*Work instructions:* The records follow. Retype them without a single change.
##### Extracted entries
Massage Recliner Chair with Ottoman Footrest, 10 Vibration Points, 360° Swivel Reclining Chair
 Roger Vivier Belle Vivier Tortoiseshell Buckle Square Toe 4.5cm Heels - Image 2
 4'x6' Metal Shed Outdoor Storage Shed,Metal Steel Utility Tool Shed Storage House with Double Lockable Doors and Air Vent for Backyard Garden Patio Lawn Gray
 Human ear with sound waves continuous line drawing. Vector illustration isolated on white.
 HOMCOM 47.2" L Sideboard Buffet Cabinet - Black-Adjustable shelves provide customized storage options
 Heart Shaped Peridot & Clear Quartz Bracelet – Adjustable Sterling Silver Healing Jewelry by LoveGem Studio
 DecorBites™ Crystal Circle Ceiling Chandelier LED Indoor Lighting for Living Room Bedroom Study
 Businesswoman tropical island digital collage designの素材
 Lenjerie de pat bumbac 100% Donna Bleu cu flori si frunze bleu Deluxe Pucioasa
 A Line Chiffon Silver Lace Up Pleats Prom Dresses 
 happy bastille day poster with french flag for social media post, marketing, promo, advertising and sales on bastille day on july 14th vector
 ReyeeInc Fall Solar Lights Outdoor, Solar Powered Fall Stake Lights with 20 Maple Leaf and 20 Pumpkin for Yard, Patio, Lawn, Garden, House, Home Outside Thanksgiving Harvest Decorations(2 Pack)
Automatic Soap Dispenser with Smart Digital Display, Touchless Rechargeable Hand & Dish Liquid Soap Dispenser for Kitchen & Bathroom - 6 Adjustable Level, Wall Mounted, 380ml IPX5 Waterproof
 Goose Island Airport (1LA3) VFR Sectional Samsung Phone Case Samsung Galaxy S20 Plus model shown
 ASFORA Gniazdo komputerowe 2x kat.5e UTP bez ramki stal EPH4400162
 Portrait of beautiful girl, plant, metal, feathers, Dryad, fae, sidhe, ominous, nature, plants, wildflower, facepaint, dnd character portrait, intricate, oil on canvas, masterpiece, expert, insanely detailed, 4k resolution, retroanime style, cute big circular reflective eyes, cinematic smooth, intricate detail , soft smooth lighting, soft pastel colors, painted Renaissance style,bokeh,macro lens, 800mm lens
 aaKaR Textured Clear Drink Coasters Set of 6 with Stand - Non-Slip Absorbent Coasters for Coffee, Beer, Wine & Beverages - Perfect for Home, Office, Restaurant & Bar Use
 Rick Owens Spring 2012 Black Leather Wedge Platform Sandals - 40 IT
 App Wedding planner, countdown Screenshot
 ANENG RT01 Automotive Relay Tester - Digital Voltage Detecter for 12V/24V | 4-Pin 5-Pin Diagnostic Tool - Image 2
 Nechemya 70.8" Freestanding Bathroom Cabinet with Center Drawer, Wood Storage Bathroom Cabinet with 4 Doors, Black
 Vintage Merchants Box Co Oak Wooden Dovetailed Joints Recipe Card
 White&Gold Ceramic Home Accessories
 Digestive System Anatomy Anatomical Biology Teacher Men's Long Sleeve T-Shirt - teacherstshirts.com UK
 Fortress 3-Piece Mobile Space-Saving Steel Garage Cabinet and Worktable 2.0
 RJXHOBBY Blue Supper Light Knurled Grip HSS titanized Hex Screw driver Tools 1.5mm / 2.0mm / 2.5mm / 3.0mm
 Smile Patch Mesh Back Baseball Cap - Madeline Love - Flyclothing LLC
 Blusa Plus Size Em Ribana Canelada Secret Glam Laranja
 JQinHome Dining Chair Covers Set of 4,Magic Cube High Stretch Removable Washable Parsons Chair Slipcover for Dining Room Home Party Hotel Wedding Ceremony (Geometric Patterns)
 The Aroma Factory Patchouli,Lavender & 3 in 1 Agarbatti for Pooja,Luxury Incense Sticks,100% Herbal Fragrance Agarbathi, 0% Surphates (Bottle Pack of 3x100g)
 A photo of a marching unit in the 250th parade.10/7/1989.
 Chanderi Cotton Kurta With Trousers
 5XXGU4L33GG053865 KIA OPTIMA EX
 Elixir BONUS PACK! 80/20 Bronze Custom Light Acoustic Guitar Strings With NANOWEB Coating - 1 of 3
##########
*Finished exercise:*
Massage Recliner Chair with Ottoman Footrest, 10 Vibration Points, 360° Swivel Reclining Chair
 Roger Vivier Belle Vivier Tortoiseshell Buckle Square Toe 4.5cm Heels - Image 2
 4'x6' Metal Shed Outdoor Storage Shed,Metal Steel Utility Tool Shed Storage House with Double Lockable Doors and Air Vent for Backyard Garden Patio Lawn Gray
 Human ear with sound waves continuous line drawing. Vector illustration isolated on white.
 HOMCOM 47.2" L Sideboard Buffet Cabinet - Black-Adjustable shelves provide customized storage options
 Heart Shaped Peridot & Clear Quartz Bracelet – Adjustable Sterling Silver Healing Jewelry by LoveGem Studio
 DecorBites™ Crystal Circle Ceiling Chandelier LED Indoor Lighting for Living Room Bedroom Study
 Businesswoman tropical island digital collage designの素材
 Lenjerie de pat bumbac 100% Donna Bleu cu flori si frunze bleu Deluxe Pucioasa
 A Line Chiffon Silver Lace Up Pleats Prom Dresses 
 happy bastille day poster with french flag for social media post, marketing, promo, advertising and sales on bastille day on july 14th vector
 ReyeeInc Fall Solar Lights Outdoor, Solar Powered Fall Stake Lights with 20 Maple Leaf and 20 Pumpkin for Yard, Patio, Lawn, Garden, House, Home Outside Thanksgiving Harvest Decorations(2 Pack)
Automatic Soap Dispenser with Smart Digital Display, Touchless Rechargeable Hand & Dish Liquid Soap Dispenser for Kitchen & Bathroom - 6 Adjustable Level, Wall Mounted, 380ml IPX5 Waterproof
 Goose Island Airport (1LA3) VFR Sectional Samsung Phone Case Samsung Galaxy S20 Plus model shown
 ASFORA Gniazdo komputerowe 2x kat.5e UTP bez ramki stal EPH4400162
 Portrait of beautiful girl, plant, metal, feathers, Dryad, fae, sidhe, ominous, nature, plants, wildflower, facepaint, dnd character portrait, intricate, oil on canvas, masterpiece, expert, insanely detailed, 4k resolution, retroanime style, cute big circular reflective eyes, cinematic smooth, intricate detail , soft smooth lighting, soft pastel colors, painted Renaissance style,bokeh,macro lens, 800mm lens
 aaKaR Textured Clear Drink Coasters Set of 6 with Stand - Non-Slip Absorbent Coasters for Coffee, Beer, Wine & Beverages - Perfect for Home, Office, Restaurant & Bar Use
 Rick Owens Spring 2012 Black Leather Wedge Platform Sandals - 40 IT
 App Wedding planner, countdown Screenshot
 ANENG RT01 Automotive Relay Tester - Digital Voltage Detecter for 12V/24V | 4-Pin 5-Pin Diagnostic Tool - Image 2
 Nechemya 70.8" Freestanding Bathroom Cabinet with Center Drawer, Wood Storage Bathroom Cabinet with 4 Doors, Black
 Vintage Merchants Box Co Oak Wooden Dovetailed Joints Recipe Card
 White&Gold Ceramic Home Accessories
 Digestive System Anatomy Anatomical Biology Teacher Men's Long Sleeve T-Shirt - teacherstshirts.com UK
 Fortress 3-Piece Mobile Space-Saving Steel Garage Cabinet and Worktable 2.0
 RJXHOBBY Blue Supper Light Knurled Grip HSS titanized Hex Screw driver Tools 1.5mm / 2.0mm / 2.5mm / 3.0mm
 Smile Patch Mesh Back Baseball Cap - Madeline Love - Flyclothing LLC
 Blusa Plus Size Em Ribana Canelada Secret Glam Laranja
 JQinHome Dining Chair Covers Set of 4,Magic Cube High Stretch Removable Washable Parsons Chair Slipcover for Dining Room Home Party Hotel Wedding Ceremony (Geometric Patterns)
 The Aroma Factory Patchouli,Lavender & 3 in 1 Agarbatti for Pooja,Luxury Incense Sticks,100% Herbal Fragrance Agarbathi, 0% Surphates (Bottle Pack of 3x100g)
 A photo of a marching unit in the 250th parade.10/7/1989.
 Chanderi Cotton Kurta With Trousers
 5XXGU4L33GG053865 KIA OPTIMA EX
 Elixir BONUS PACK! 80/20 Bronze Custom Light Acoustic Guitar Strings With NANOWEB Coating - 1 of 3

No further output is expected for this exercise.